> _What needs to be done_: Exclude every picture. Output verbatim the lines from the one containing "Let me announce" to the end of the data.

> _Supplied material_:

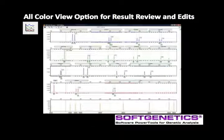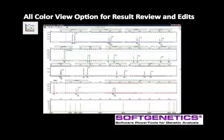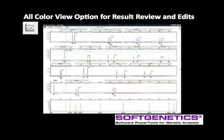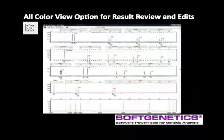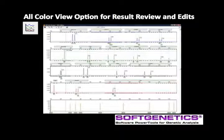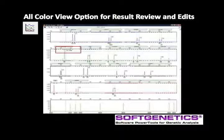Many analysts prefer to review data and make decisions regarding pull-up peaks or peak edits in the all-color browser view, which is activated by the main toolbar icon and has a graph with multiple trace colors. The main analysis screen traces and report table are automatically updated when edits are made in the all-color browser. The crosshairs assist in checking size and height of peaks.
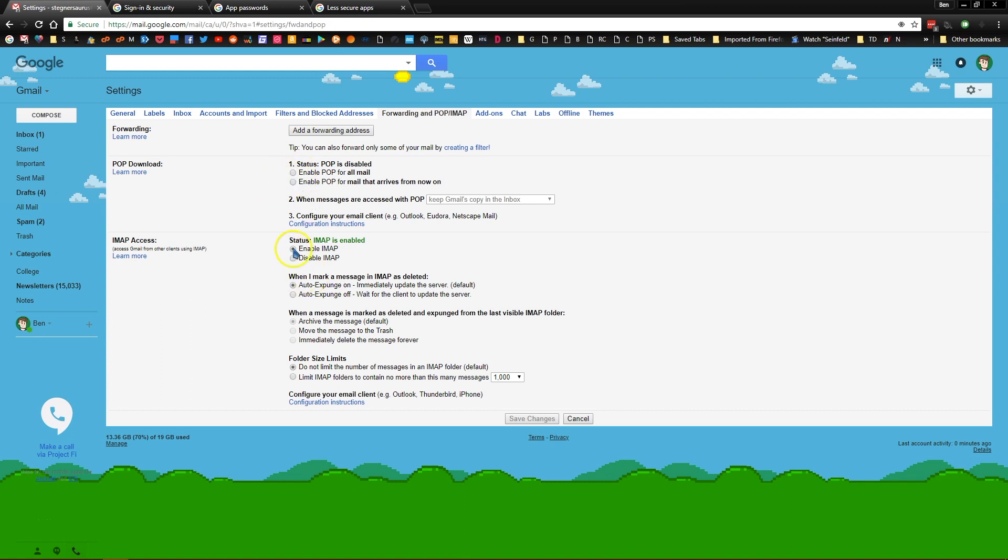So make sure you check enable IMAP here and then if POP is enabled you'll see a disable POP button. Click on disable POP because you might get duplicate email later on if you don't. Click on save changes and then you're done on this page.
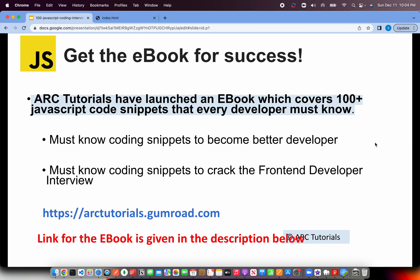Let me announce that if you want to learn coding snippets to become a better developer or you're looking for coding snippets that are often asked in interviews, please get this book that I have authored on JavaScript, which is available at arctutorials.gumroad.com. The link is given in the description box below.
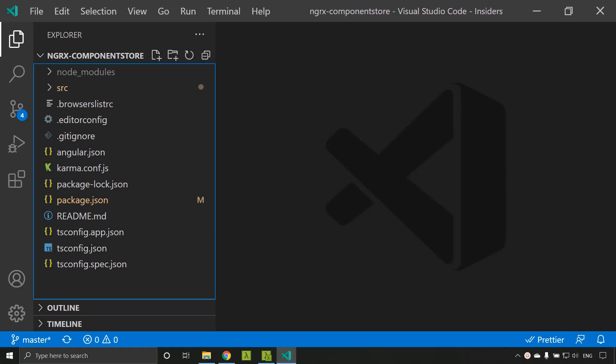Hi all. Today let's explore the concept of component store in NgRx. Component store is basically a local state or local store which can be created at a component level or a component root level. Root level means a component which can have subcomponents and a common store will be shared among this entire view tree.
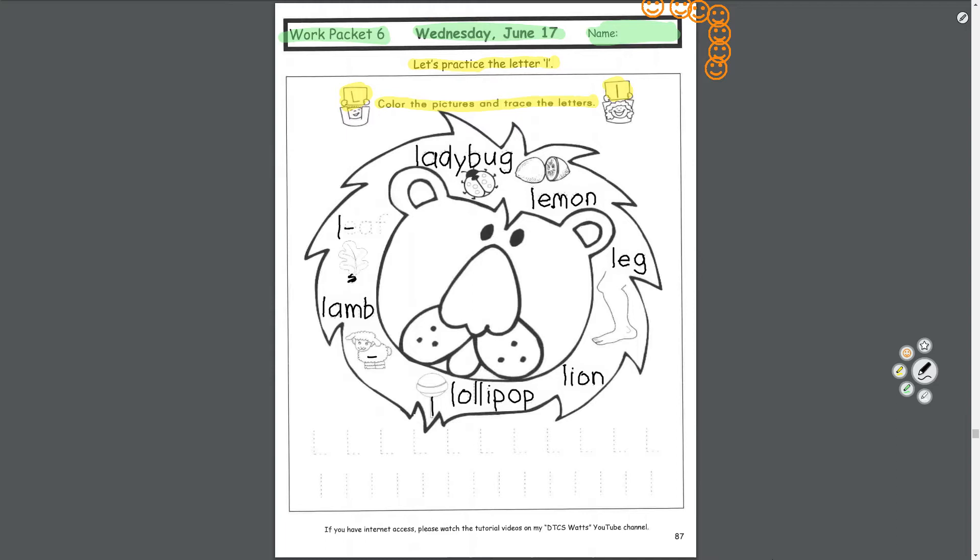Now we'll practice uppercase L. Start at the top, down, turn the corner. Top down, turn right. Finish the rest of that line. And then lowercase l, really easy, you just go top to bottom. Please finish those lines.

> _Response to the task_:
Let me announce that if you want to learn coding snippets to become a better developer or you're looking for coding snippets that are often asked in interviews, please get this book that I have authored on JavaScript, which is available at arctutorials.gumroad.com. The link is given in the description box below.
Hi all. Today let's explore the concept of component store in NgRx. Component store is basically a local state or local store which can be created at a component level or a component root level. Root level means a component which can have subcomponents and a common store will be shared among this entire view tree.
Now we'll practice uppercase L. Start at the top, down, turn the corner. Top down, turn right. Finish the rest of that line. And then lowercase l, really easy, you just go top to bottom. Please finish those lines.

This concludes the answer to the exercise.